Diving into the thick of job-hunting now that I have my MLIS, I’ve been noticing just how many jobs out there are stealth library jobs. Stealth library jobs are ones where employers don’t say they want a librarian, but everything else in the job description screams WE NEED LIBRARIANS.
This is important to recognize, especially since these stealth jobs won’t show up if you search for “library” on job boards. Sometimes they show up under if you search for “archive,” but not always. “Information organization” is another keyword that these employers DON’T use, even though they desperately need someone who understands the principles of organizing information.
It’s also important for us MLIS grads to realize that stealth library jobs exist for another reason. Remember how people kept talking about the upcoming retirement wave that would open up thousands of library jobs? At the risk of sounding cynical, it’s an old lie. Well-meaning, perhaps, but it doesn’t help us when it comes time to search for jobs. (and why am I thinking about the last four lines of Wilfred Owen’s poem?)

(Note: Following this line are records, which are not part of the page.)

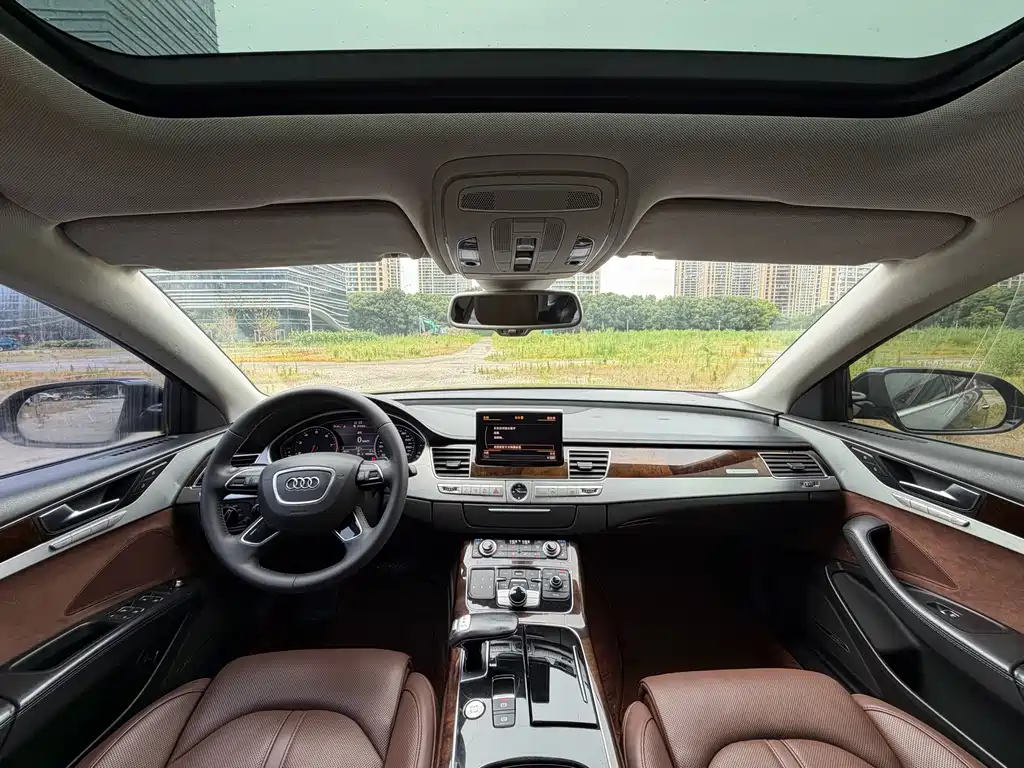 Audi A8 — фотографии объявления, Фото 11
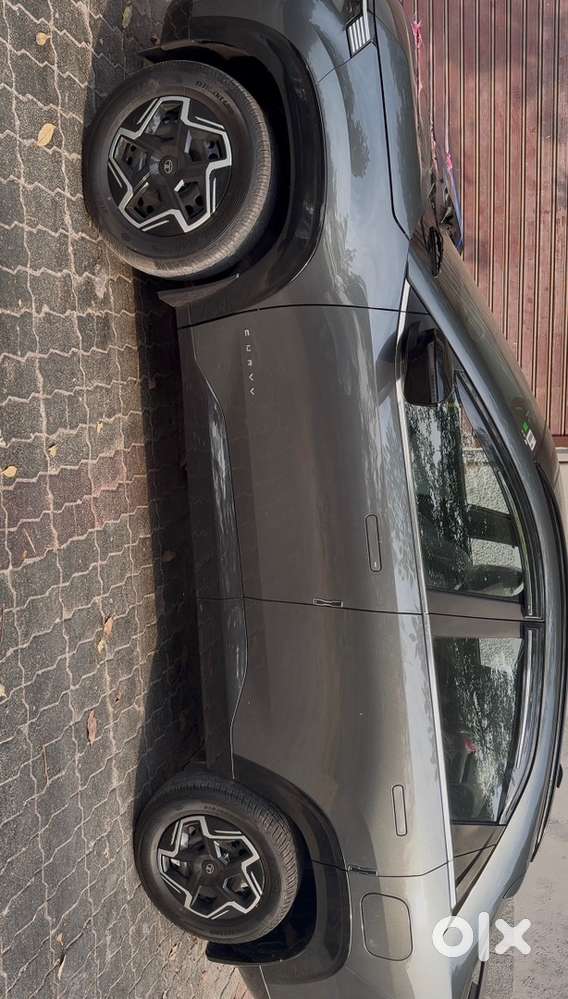 Tata Curvv Petrol 2025 Automatic 7dca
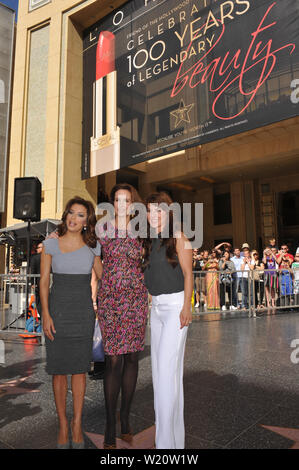 LOS ANGELES, CA. 20 octobre 2009 : porte-parole de L'Oréal Eva Longoria Parker (à gauche), Andie MacDowell & Kate del Castillo sur Hollywood Boulevard où l'Oral Paris a été honoré avec un ami spécial de la promenade de la renommée pour son parrainage de l'Allée des célébrités canadiennes Projet de rénovation. © 2009 Paul Smith / Featureflash Banque D'Images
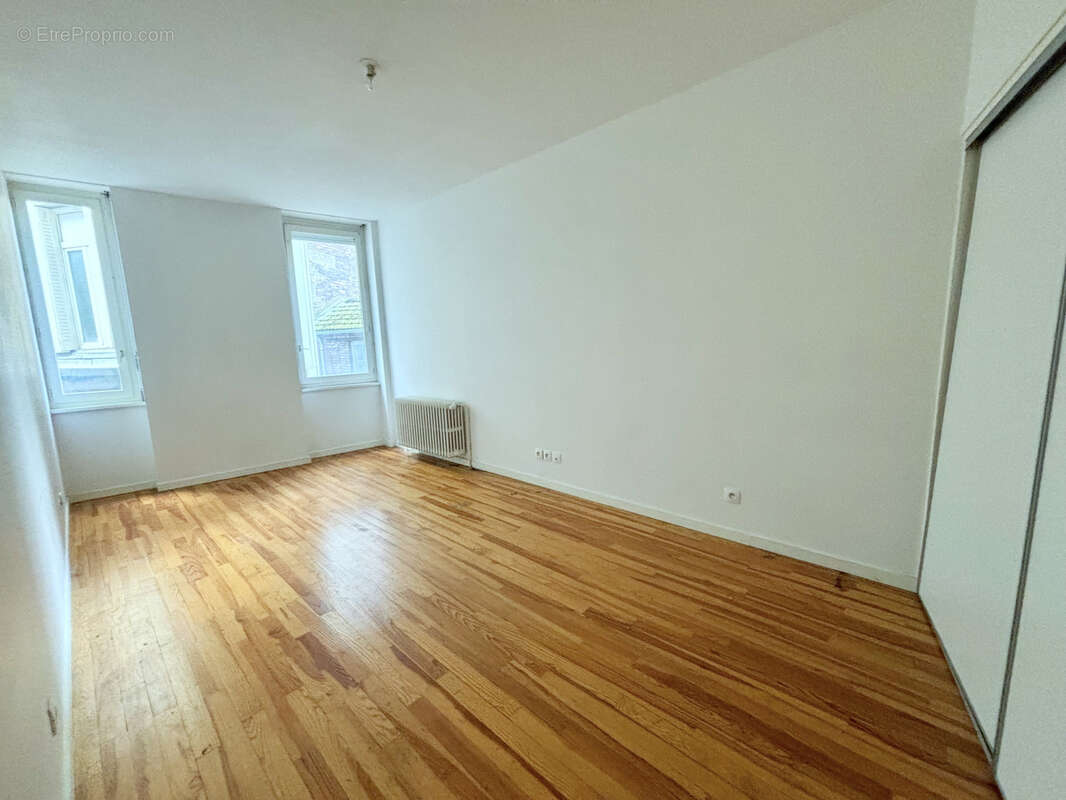 Appartement à SAINT-ETIENNE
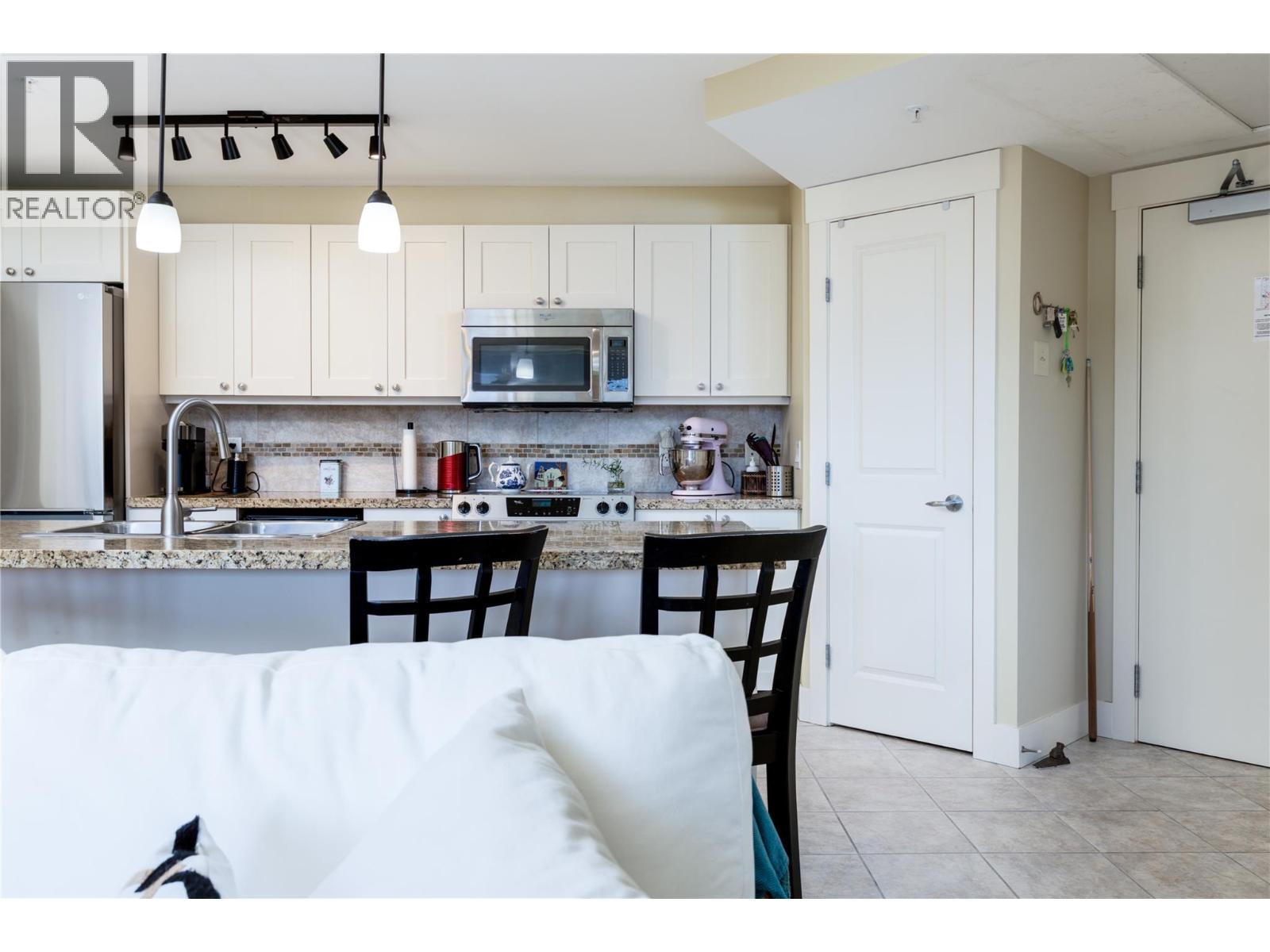 4205 Gellatly Road Unit# 231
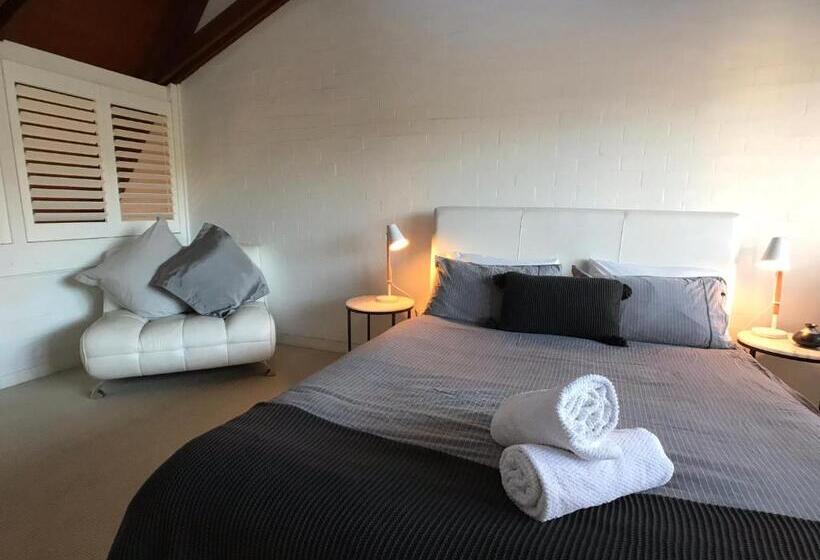 דירת חדר, Treetops Everglades Villa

Here’s a prime example of a stealth library job from the Art Institute of Chicago. I’ve highlighted the library-relevant terms:
Collection Manager for Comprehensive Inventory
Assists the curator in his or her work on the eighteen-month inventory of the permanent collection. Participates in research and cataloguing of the collection. Serves as liaison between departmental curator, departmental specialist, and support staff, with departments of Conservation, Registration, Imaging, and other museum departments for all collection inventory-related issues. In consultation with curator, departmental specialist, and staff from other relevant departments (e.g. Registrar, Conservation, Imaging, and Digital Information and Access), assists in developing protocol pertaining to the permanent collection inventory (it sounds like they want someone who can set up an ongoing procedure for inventorying the permanent collection) and is responsible for its coordination and implementation. Maintains and updates departmental accession files, locations lists, and corresponding CITI records in an accurate, consistent and timely manner. Assists the curator in ensuring that all documentation is correct. Serves as departmental liaison with CITI projects. Coordinates with the department specialist in organizing movement of works of art to facilitate inventory process and safe keeping of the collection. Provides research support to curator in regard to the permanent collection inventory. Coordinates rapid imaging of collection with curator and imaging personnel. Assists visiting scholars in viewing works in storage and departmental files and makes museum resources available through providing photographs and collection information for the assessment process as appropriate, and as time permits. Other duties as assigned.
M.A. in Art History or related subject required; museum gallery and collection management experience a plus; knowledge of European Decorative Arts and/or collection important; strong research and cataloguing skills; comprehensive knowledge of CITI or other collection management systems desired.
I looked up CITI, and if I’m correct, it’s the Corporate IT Inventory software. So, basically if you know any ILS, you can figure out CITI. Anyway, you can see just how much theyneed a librarian without actually realizing it. Bonus points if you have an art background.
So, if you’re in the job hunt, too, don’t despair at the lack of library jobs. There’s actually a fair bit of jobs out there that need librarians.